The authors, affiliated with the Shalom Hartman Institute in Jerusalem, begin with the Judaically and educationally correct premise that the seder is and ought to be a wonderful example of teaching and learning by doing. "You shall tell your child about the Exodus," the Torah commands, and this haggadah is designed to permit you to do just that. It retains the traditional text and adds rabbinic stories, ancient interpretations, bits of Zionist and Holocaust history--all in a child-friendly environment. It is beautifully and diversely illustrated with everything from Chagall and Ben Shahn pieces to medieval woodcuts to children's drawings. Various artistic renderings of the Four Sons are sprinkled throughout in an effort to elicit questioning and discussion. Two caveats: the child-oriented games can get a bit cloying, as in a proposed contest to name the "yukkiest plague." And the Hebrew typeface is a bit small in places.

Edited by Herbert Bronstein.
Illustrated by Leonard Baskin.
123 pages. Central Conference of American Rabbis. $20.

This Reform rabbinical organization omits a good deal of the Hebrew text and seems to presuppose a relatively short, streamlined seder. The haggadah is beautifully designed, with drawings by contemporary artist Leonard Baskin, and brings in very appropriate and well-chosen readings from a number of sources: Abraham Joshua Heschel, Erich Fromm, Hasidic tales, the Book of Psalms.

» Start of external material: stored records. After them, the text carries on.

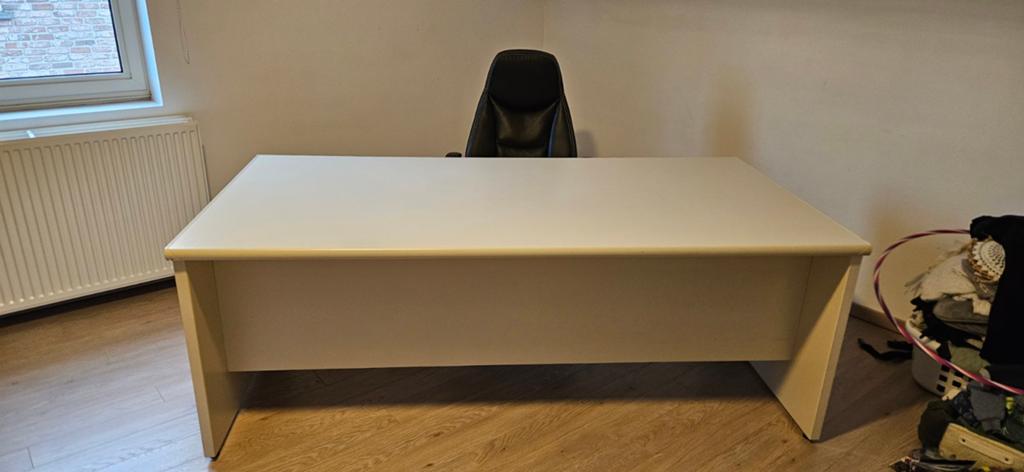 Bureau merk Bulo - in zeer goede staat! 200cmx100cm, Huis en Inrichting, Ophalen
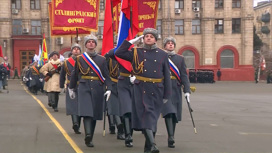 Кадры прохода пеших расчетов на параде в честь победы в Сталинградской битве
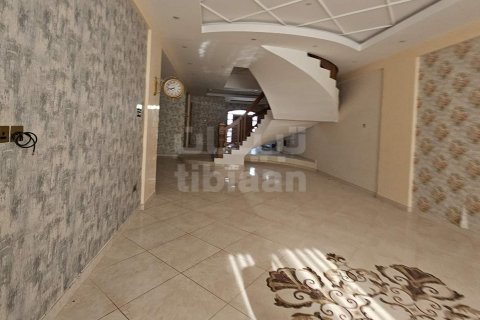 Villa Jumelée de 6 chambres à Al Ansab, Oman No. 53664 4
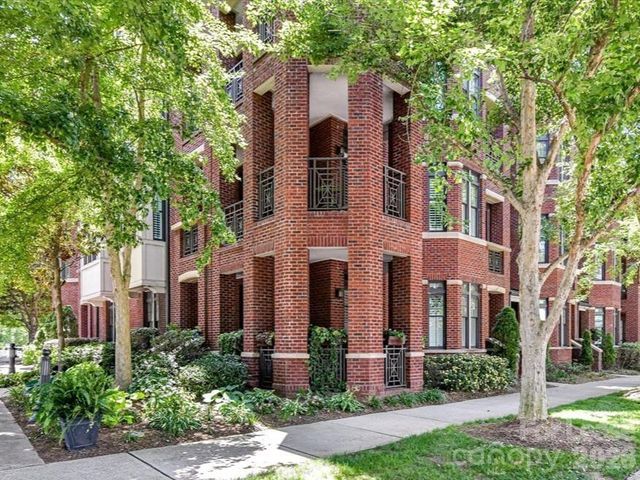 2810 Selwyn Avenue 126, Charlotte, NC 28209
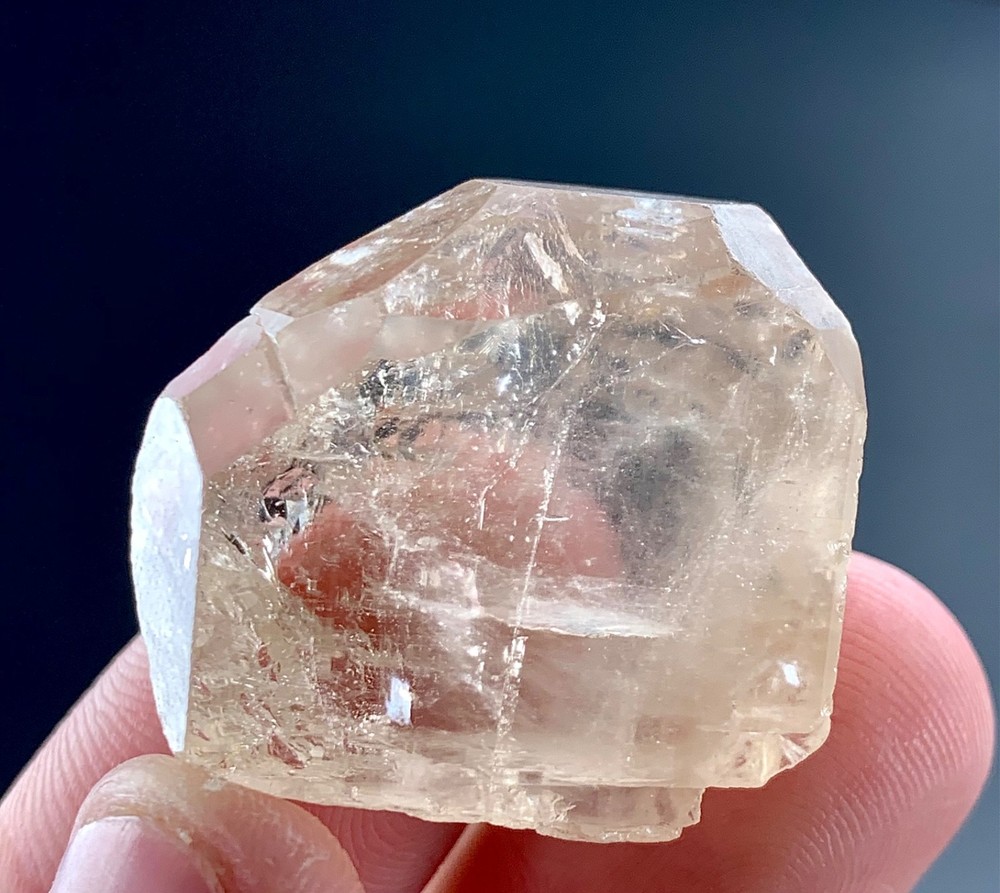 106 Carat Topaz crystal specimen from Pakistan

The karpas--spring vegetable--portion of the ceremony is accompanied here by a passage from the Song of Songs. "For lo, the winter is past. Flowers appear on the earth." An excellent idea. Still, the balance seems somewhat off center: Why skip some traditional portions of the maggid--the narrative section--and devote two dozen out of just over one hundred pages to the musical notation of Passover Songs?

Edited by Rachel Anne Rabinowicz
120 pages. United Synagogue Book Service. $12.95.

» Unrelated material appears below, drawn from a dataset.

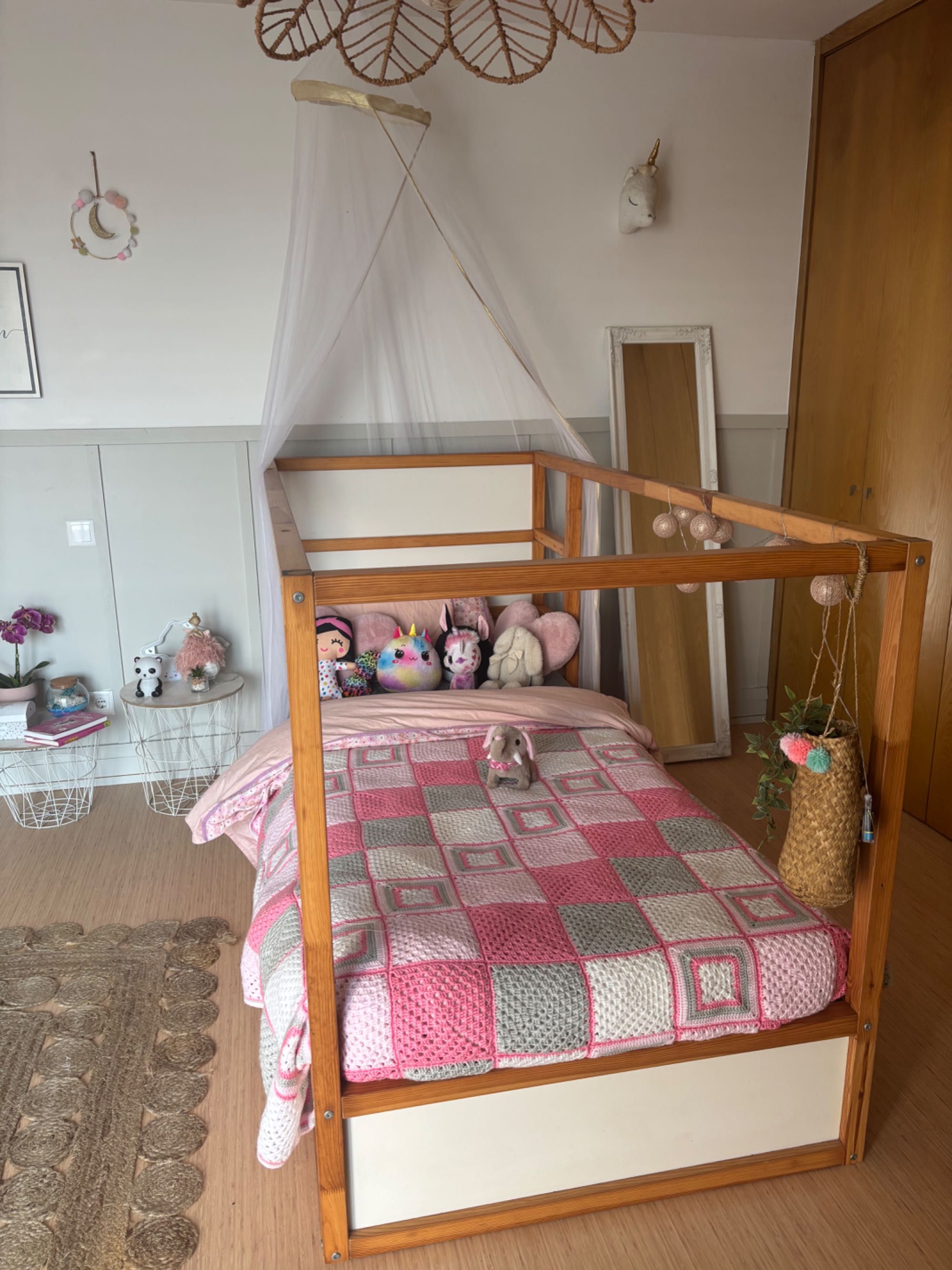 Cama Kura reversível e colchão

This is the Conservative movement's version of the haggadah and it includes nearly all the traditional words of the text. An attractively produced book as well, it relies quite successfully on a series of bright-colored abstract shapes to create a warm, expansive mood. There are a few new insertions into the text and a commentary, neatly placed in the margins, illuminates the concepts behind the haggadah. In addition to the traditional four cups of wine, this version features a "fifth cup" ceremony based on the ingathering of the Jewish Diaspora to Israel.

A Passover Haggadah
Edited by Joy Levitt and Michael Strassfeld.
Illustrated by Jeffrey Schrier.
160 pages. Jewish Reconstructionist Federation. $18.

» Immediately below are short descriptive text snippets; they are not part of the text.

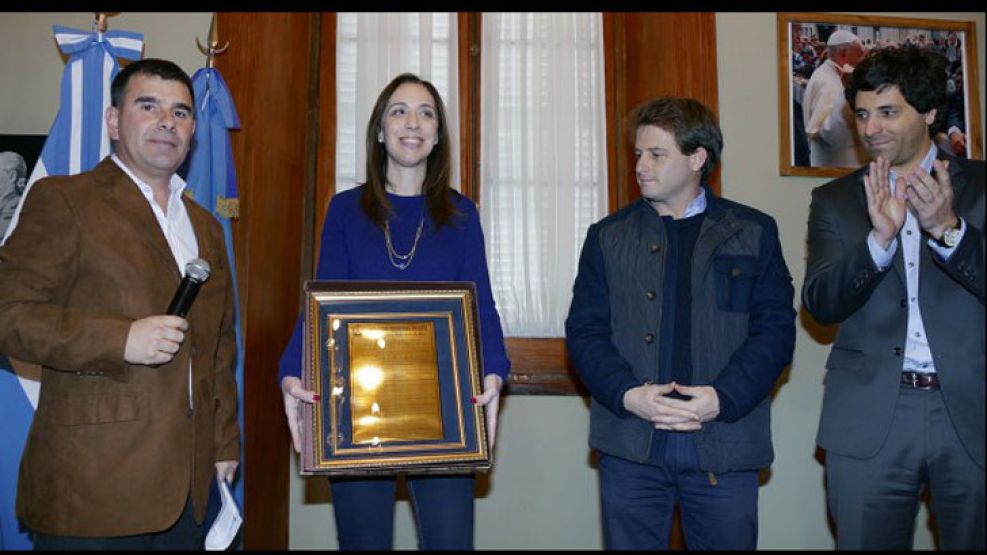 La gobernadora ayer compartió un acto con el intendente de Azul, que también saltó del peronismo al oficialismo.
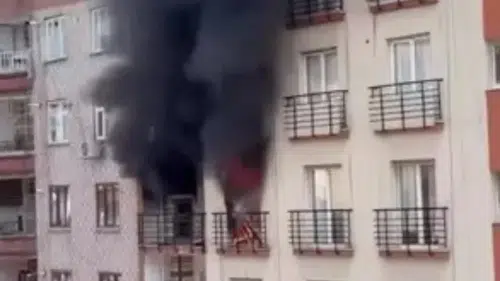 Diyarbakır’da 7 katlı binada yangın: 1’i ağır 5 kişi etkilendi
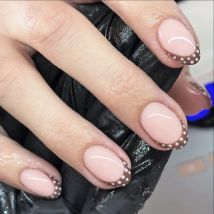 Ins Simple Short Round French Press on Nails Sweet Cool Nude Pink Dot Print False Nail Tips Wearable European Autumn Fake Nails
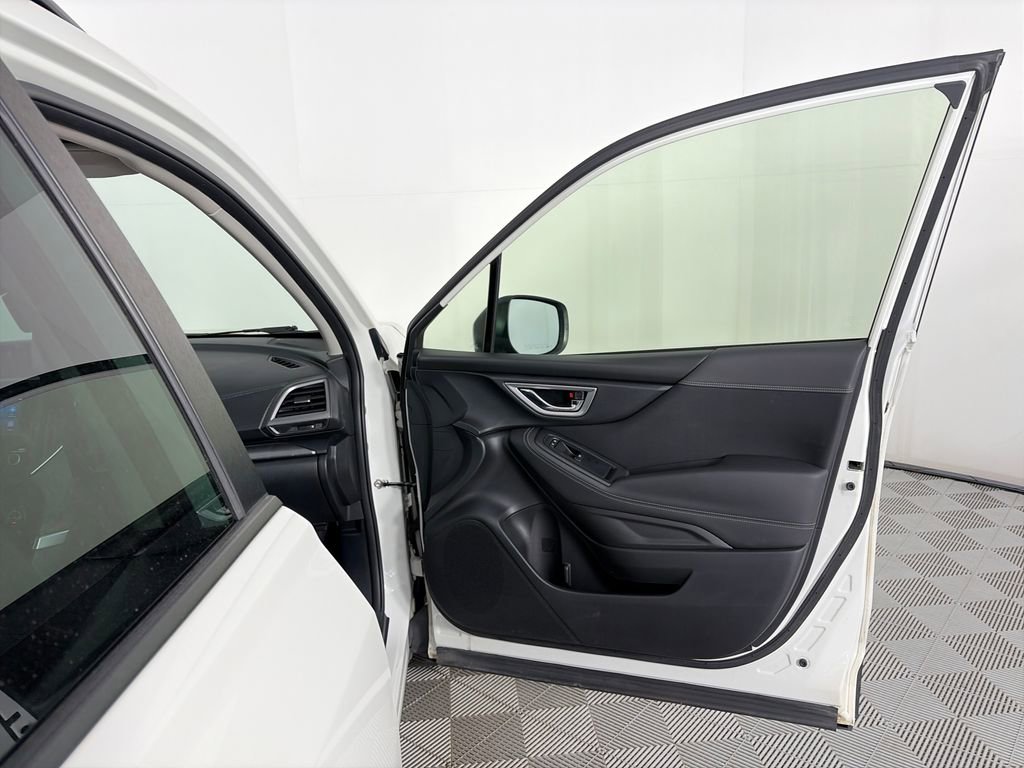 Used 2023 Subaru Forester Premium AWD/4WD image 29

We were slaves in Egypt, but that will never really be past tense until messianic redemption. That is one of themes running through the commentary of A Night of Questions published under the auspices of the Reconstructionist movement. The poetry, story, art and prayer selected here deepens one's understanding of the seder. This is a thinking family's haggadah, particularly intriguing for the way it regards skepticism as a tenet of faith. Reconstructionist Jews do not necessarily except the Exodus as historical truth. What impresses them most about Passover is the way ritual and symbolism have endured and inspired Jews for thousands of years.

Three Haggadot
Compiled by the New Jewish Agenda.
103 pages. Lambda Publishers.

In his introduction, Rabbi Arthur Waskow explains that "the very word haggadah (literally, 'telling') teaches us to rewrite the haggadah." These seders, three haggadot within one book, offer several opportunities for social action. The book includes a "Rainbow Seder," originally written for Passover 1969, the first anniversary of the assassination of Martin Luther King, Jr. There is a "Seder of the Children of Abraham," focusing on building bridges between Arabs and Jews; and a "haggadah of Liberation," which began as a collection of stories on women's liberation, and now reads as tales of resistance, that occurred mostly during the Holocaust.

By Rabbi Marc D. Angel.
KTAV Publishers. $10.

The traditional text is interspersed with blessings that are translated into Ladino--a mixture of medieval Spanish and Hebrew. In his introduction, Rabbi Angel states that "the purpose of this haggadah is to bring Sephardic insights and practices to the seder tables of our generation." The commentary of Sephardic sages enlivens the Exodus story as does presenting various customs such as placing the afikomen inside of a sack and having everyone at the seder placing it over his or her shoulder to experience the Israelites' burdens as they left Egypt.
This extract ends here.